Do Software Livre às Tecnologias Abertas: mais de duas décadas conectando pessoas, compartilhando conhecimento e construindo o futuro
Toda grande história começa de algum lugar.
Às vezes, começa com um grande projeto. Às vezes, com uma decisão importante. E, às vezes, começa simplesmente com uma conversa entre pessoas que acreditam que alguma coisa pode ser diferente.
A história do Latinoware tem um pouco de tudo isso.
Antes de existir o Latinoware, existiam pessoas discutindo o futuro do Software Livre no Brasil. Existiam comunidades compartilhando conhecimento, desenvolvedores criando soluções, professores levando novas ideias para seus alunos e instituições começando a perceber que a tecnologia também poderia ser construída de uma maneira diferente.
Foi nesse ambiente que, durante a Conferência Internacional de Software Livre, realizada em Curitiba, no Paraná, começaram as conversas que ajudariam a dar origem à ideia de criar um encontro com uma vocação latino-americana.
A proposta era aproximar pessoas, comunidades e instituições em torno do Software Livre e do conhecimento compartilhado.
A ideia era grande.
Mas algumas pessoas acreditaram nela.
E, em 2004, a ideia virou realidade.
Nascia, em Foz do Iguaçu, o Latinoware.
2003: quando uma ideia começou a ganhar forma
A história do Latinoware está diretamente relacionada ao movimento de adoção do Software Livre pela Itaipu Binacional.
Em 2003, a Itaipu passou a participar do Comitê Técnico de Implantação de Software Livre, ligado ao Governo Federal.

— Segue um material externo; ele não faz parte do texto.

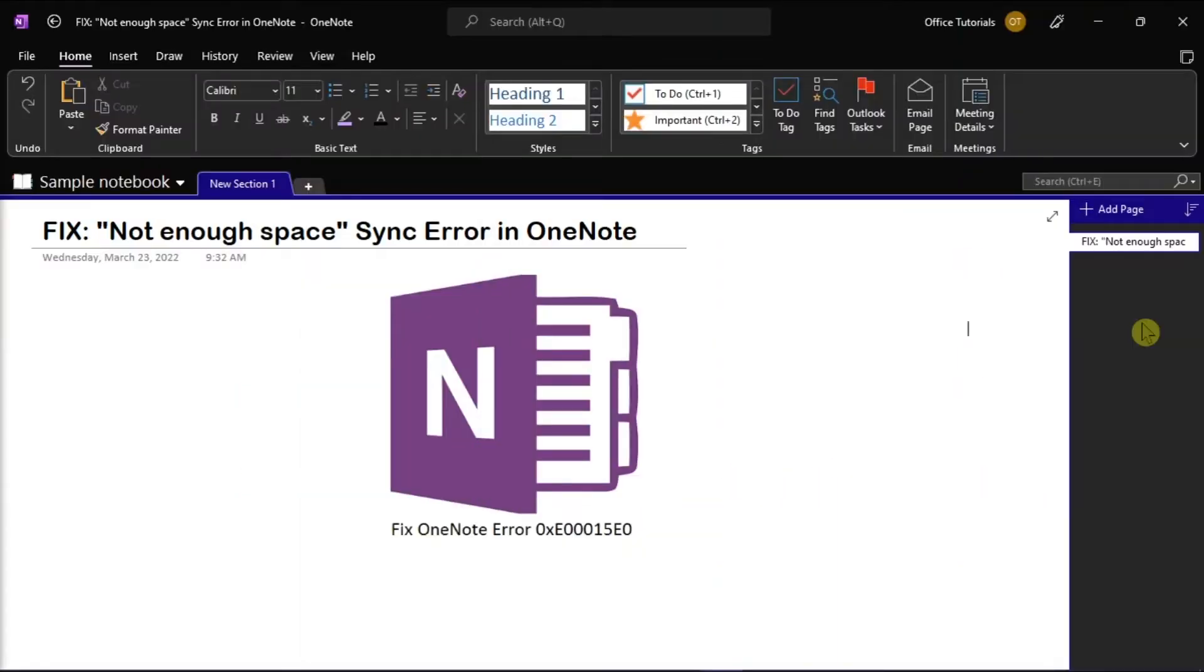With Microsoft OneNote, you can take notes, compile researches, and organize the information.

A iniciativa contou com o envolvimento da Diretoria e da área de Informática da empresa.
Naquele período, a aproximação com importantes nomes do movimento brasileiro de Software Livre ajudou a ampliar essa discussão.
Entre eles estavam Sérgio Amadeu de Oliveira e Djalma Valois, que contribuíram para sensibilizar a instituição sobre o potencial do código aberto e das tecnologias livres.
Ao mesmo tempo, em Curitiba, durante a Conferência Internacional de Software Livre, surgiam conversas entre pessoas que enxergavam a possibilidade de criar algo maior: um encontro que pudesse reunir não apenas brasileiros, mas também pessoas e comunidades de toda a América Latina.
Uma ideia começava a encontrar um caminho.
2004: o nascimento do Latinoware
Há imagens que registram um evento. Esta registra o começo de uma história.
A primeira edição aconteceu em novembro de 2004, em Foz do Iguaçu.
Era o começo de uma história que ninguém naquele momento poderia imaginar que chegaria tão longe.
O Programa de Software Livre Itaipu era apresentado, o mascote Tux começava a fazer parte da identidade do movimento e o slogan daquela época traduzia de maneira simples o espírito que se pretendia transmitir:
“Ele não é diferente… É Livre…”
A primeira edição reuniu pessoas interessadas em Software Livre e contou com a participação de nomes que ajudariam a dar ao evento uma dimensão internacional.
Entre eles estava Jon “maddog” Hall, uma das personalidades mais conhecidas mundialmente na defesa do Software Livre e do código aberto.
Sua presença desde aquele primeiro momento ajudou a estabelecer uma conexão internacional que se tornaria uma das características marcantes do Latinoware.
E aquela primeira edição deixou uma mensagem que continua atual:
uma boa ideia pode nascer pequena, mas pode crescer quando encontra pessoas dispostas a acreditar nela.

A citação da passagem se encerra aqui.